Jason Solomons 

Trailer trash

Jason Solomons on all the gossip from Tilda Swinton's Film on the Rocks festival in Thailand
  
  

Film on the Rocks at Koh Yao Noi
The astonishing stage for the inaugural Film on the Rocks at Koh Yao Noi, Thailand. Photograph: PR

Realm of the Six Senses

Film festivals come in all themes and sizes and give prizes from Golden Bears to Audience Awards – but if there were an award for the world's most exclusive, it would surely go to Film on the Rocks, inaugurated and curated by Tilda Swinton and Palme d'Or winner Apichatpong Weerasethakul last week at the blissful Six Senses resort on Koh Yao Noi, a tiny island off Phuket in Thailand. I'm not really sure what it was I just attended in the line of journalistic duty – "Castaways," Swinton called the assembled guests. "Not quite a festival but a mind orgy," preferred Apichatpong (a national hero following his 2010 win at Cannes with Uncle Boonmee Who Can Recall His Past Lives). A diverse selection of guests included British director Joanna Hogg (if she were looking for new material, after Unrelated and Archipelago, to skewer certain middle-class types on their holidays, she was in the right spot), Taiwan's Tsai Ming-liang, indie darling Chloë Sevigny (who was adorned with a smattering of pale, skinny boys who would often be heard uttering what for me became the festival's catchphrase: "I'm just hanging out with Chloe" – should be printed on T-shirts, that one), Dazed founder Jefferson Hack, film-maker Gregg Araki, New York MoMa curator Josh Siegel and Thailand's Rirkrit Tiravanija. Swinton presided regally, magnificently, and one couldn't help recall her role in Danny Boyle's film of The Beach.
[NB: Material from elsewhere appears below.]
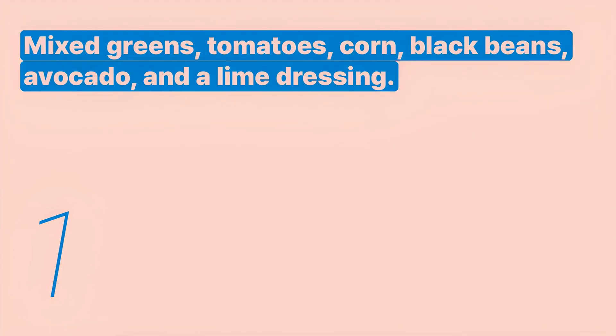Listen again with subtitles. Mixed greens, tomatoes, corn, black beans, avocado, and a lime dressing.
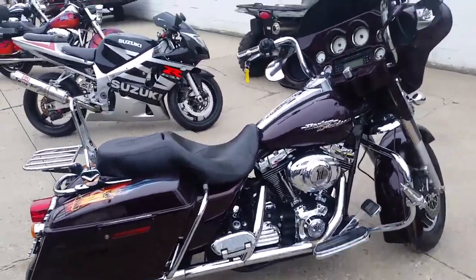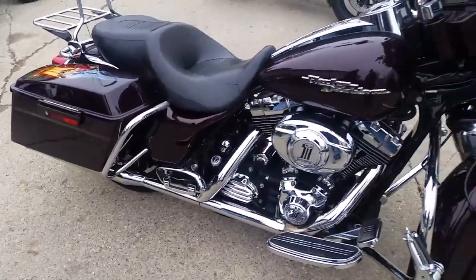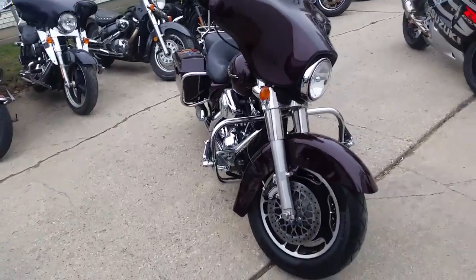Hey guys, it's Chad and Andrew here at Approval Power Sports. This is used Harley Davidson headquarters. We got about 80 used Harleys in our showroom, over 450 bikes. We got guaranteed financing on all of our Harleys.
However, here, she coaxed together a programme of arty shorts and rarities, all screened in the most beautiful locations. "Taking cinema back to its roots," she told me, just as she had done when she and Mark Cousins pulled a mobile cinema in a bus around Scottish towns.

Empire state of mind

Part of the festival's ethos was to show films in "primordial" locations, which turned out to be as spectacular as it was folly. It began, for example, with a "conceptual screening", which we all attended deep in the island forest by a 300ft high tree. Musician Arto Lindsay had recorded jungle sounds to play out, and Rirkrit T brought a projector and reels in a huge trunk, which lay on the forest floor, pointed toward a makeshift screen but never shown. "What film's in the box?" I asked innocently. It was the full 10 reels of Andy Warhol's eight-hour rarity Empire, flown in from New York and boated out to this jungle, just for, well, the hell of it.

Alice meets Coltrane

Before the festival, Swinton had urged guests to share creative inspirations and bring with them a "message in a bottle". My choice was – unbeknown to me until I got there – accorded a centrepiece slot. The BFI Archive had lent me a digitally restored copy of Cecil Hepworth's 1903 Alice in Wonderland , which screened in an island lagoon, on a raft designed by architect Ole Scheeren. I gave a brief introduction to the work but I was unprepared for how ethereal and wondrous it would look. It helped that, following a monsoon that threatened to nix the event that afternoon, I decided to change the restoration's score (no offence to composer Wendy Hiscocks, whose "Jill in the Box" is the official accompaniment), instead playing John Coltrane's "After the Rain", which echoed across the waters and around the cliffs, over images of Alice following the White Rabbit into another world. If that weren't enough, musician Simon Fisher Turner then gave an improvised live accompaniment to Paramount's 1924 Peter Pan, supported by electronic wizardry and a local drummer. It was, without doubt, one of the best nights of my movie-going life.